Page 1 of 2
General Protection Fault
Posted: Sun Mar 15, 2009 9:35 am
by mangaluve
I still have some problems with my IRQs. When I use the PIT for IRQ0, sometimes I get General protection fault. It doesn't happen on every interrupt, just sometimes when I use a fairly high frequency (about 2000 Hz). Any ideas? Could post some of my int/irq-code if anyone has time to look through it.
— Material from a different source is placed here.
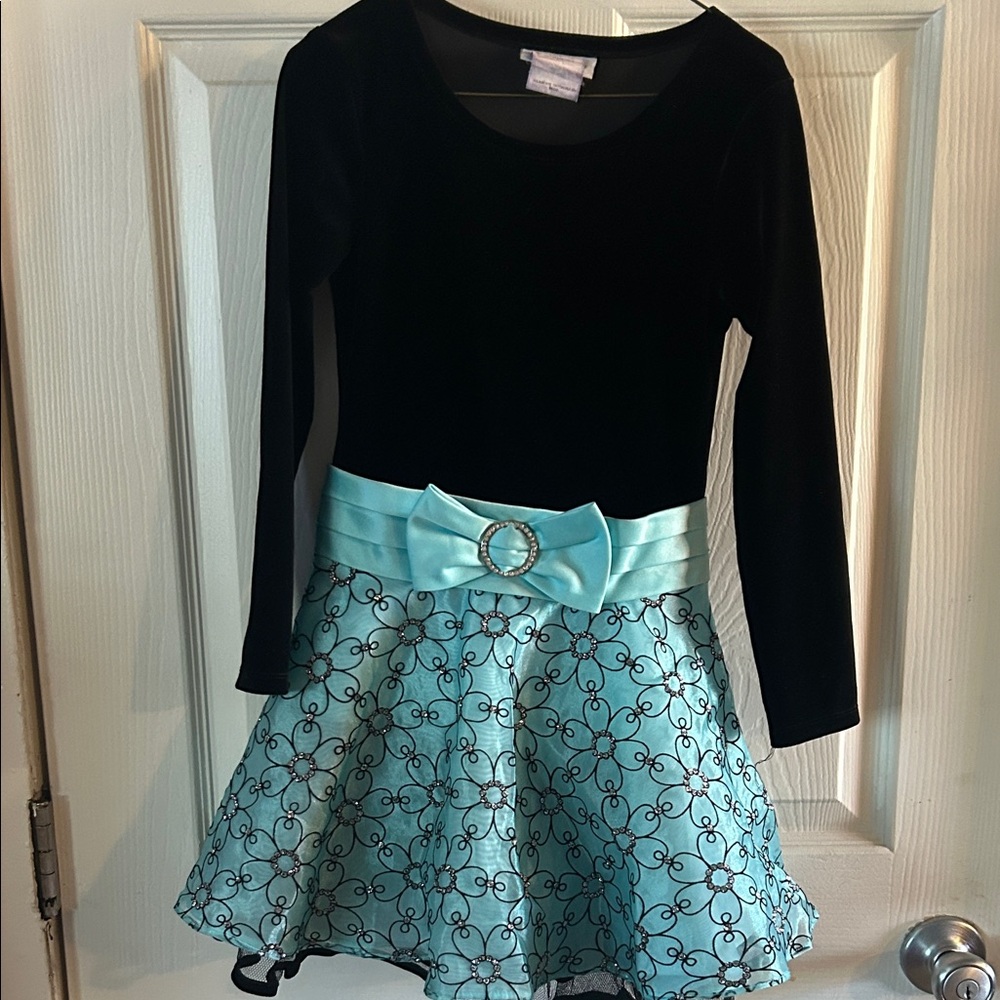Elegant Black and Blue Kids Casual Dress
Everything seems weird.
Re: General Protection Fault
Posted: Sun Mar 15, 2009 11:25 am
by Combuster
It probably means you have a race condition or stack overflow somewhere.
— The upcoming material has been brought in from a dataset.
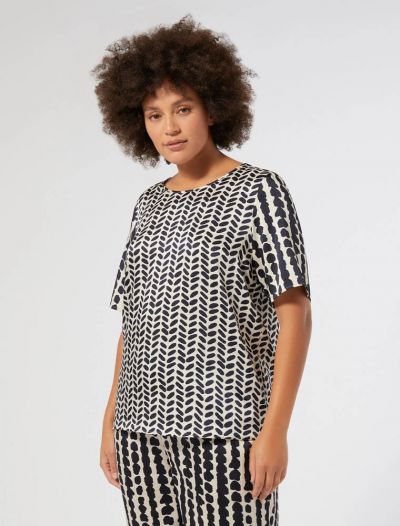Camicia manica corta curvy Persona - mandorla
Now for the copy-pasted questions:
What is the faulting instruction? what is the GPF error code? what do the registers contain? what does the stack contain?
Re: General Protection Fault
Posted: Sun Mar 15, 2009 5:38 pm
by mangaluve
Exactly what is a race condition?
Im not very good at debugging this kind of stuff... the error code seems to be 0x13B.. it's really weird because I do a printf in my IRQ-isr, and if I print the error codes, I get the exception mentioned before. However if I just print a string, I dont get any exception. But Im fairly confident that my printf-function is okey, it has always worked fine before. Still got some strange behaviour though..what does the error code mean? When I dont print any digits, just a string, I still get some weird spaces everywhere, almost as if Bochs "erases" some characters on the screen sometime. I wish I could give a better description but everything is just weird. The program continues to run though.. I just get weird print outs.
Re: General Protection Fault
Posted: Sun Mar 15, 2009 6:33 pm
by gzaloprgm
A race condition is an undesirable situation that occurs when a device or system attempts to perform two or more operations at the same time, but because of the nature of the device or system, the operations must be done in the proper sequence in order to be done correctly.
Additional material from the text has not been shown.